I am running Mahara from http://portfolio.mrastbury.co.uk/ on Centos 5 (with Plesk). I have created the data directory outside the http root of the webserver and have used chmod 777 in an attempt to get this working but when I run the online install it still tells me that the directory is not writable by the webserver.
Any thoughts on what could be wrong?
09 July 2010, 6:41
The only thing that comes readily to mind is the possibility that you have set up the data directory correctly, but told Mahara incorrectly where it is.
Have you double checked the value in config.php? Is there a symbolic link somewhere ?
09 July 2010, 7:51
Thanks for the reply Penny. Have already considered that, double and tripple checked it. Just checked again now, the config.php file lists the path correctly.

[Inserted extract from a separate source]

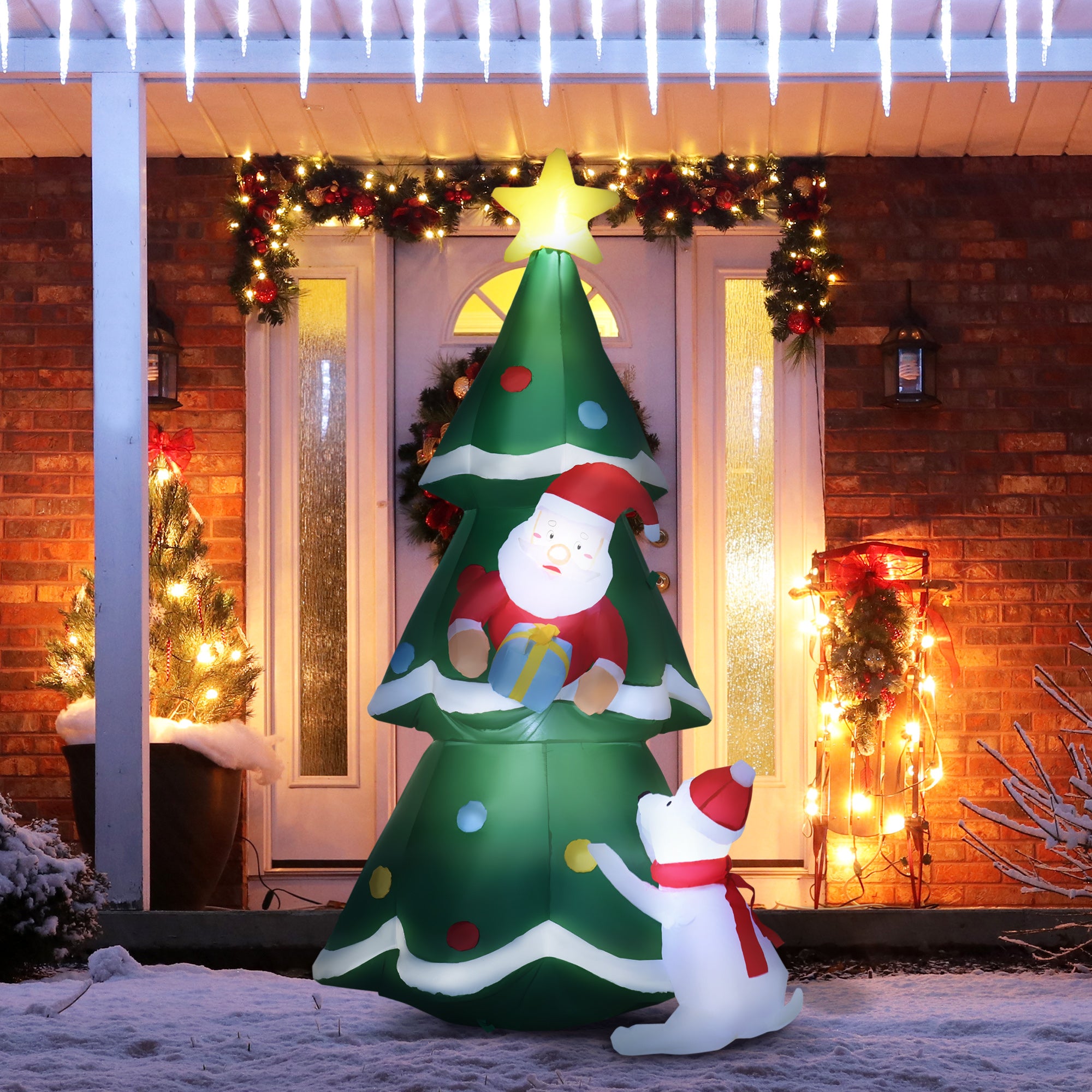 Albero di Natale Gonfiabile 112x80x180 cm con Babbo Natale Cagnolino e Luci LED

The data directory is in the same directory as httpdocs.
httpdocs is at /var/www/vhosts/mrastbury.co.uk/subdomains/portfolio/httpdocs
data is at /var/www/vhosts/mrastbury.co.uk/subdomains/portfolio/data
Exerpt from config.php below:
$cfg->dataroot = '/var/www/vhosts/mrastbury.co.uk/subdomains/portfolio/data';
If I move the data folder to within httpdocs and update config.php as needed the install script correctly identifies that the dataroot is within the webroot and won't let me proceed for security reasons.
All I can think of is that Plesk is messing something up, but I can't see what :( I'm fairly average as a linux admin, not sure I fancy trying to admin the server without plesk making my life that little bit simpler...
09 July 2010, 8:44
Can you try putting $cfg->insecuredataroot = true; in your config.php and see if that fixes it?
10 July 2010, 16:30
This "smells" like SELinux is doing its job: preventing the httpd user from writing outside the designated directories (even it you give it 777 permissions).
Could you check if your CentOS has SELinux enabled? (you can use 'getenforce' or 'sestatus' for this).
If it is, I *think* that the following magic incantation might do the trick (I'm not a SELinux expect, I've just read the doc at http://docs.fedoraproject.org/en-US/Fedora/13/html/Managing_Confined_Services/sect-Managing_Confined_Services-The_Apache_HTTP_Server-Booleans.html, http://wiki.centos.org/HowTos/SELinux and http://wiki.centos.org/TipsAndTricks/SelinuxBooleans):
semanage fcontext -a -t public_content_rw_t "/path/to/your/datadirectory(/.*)?"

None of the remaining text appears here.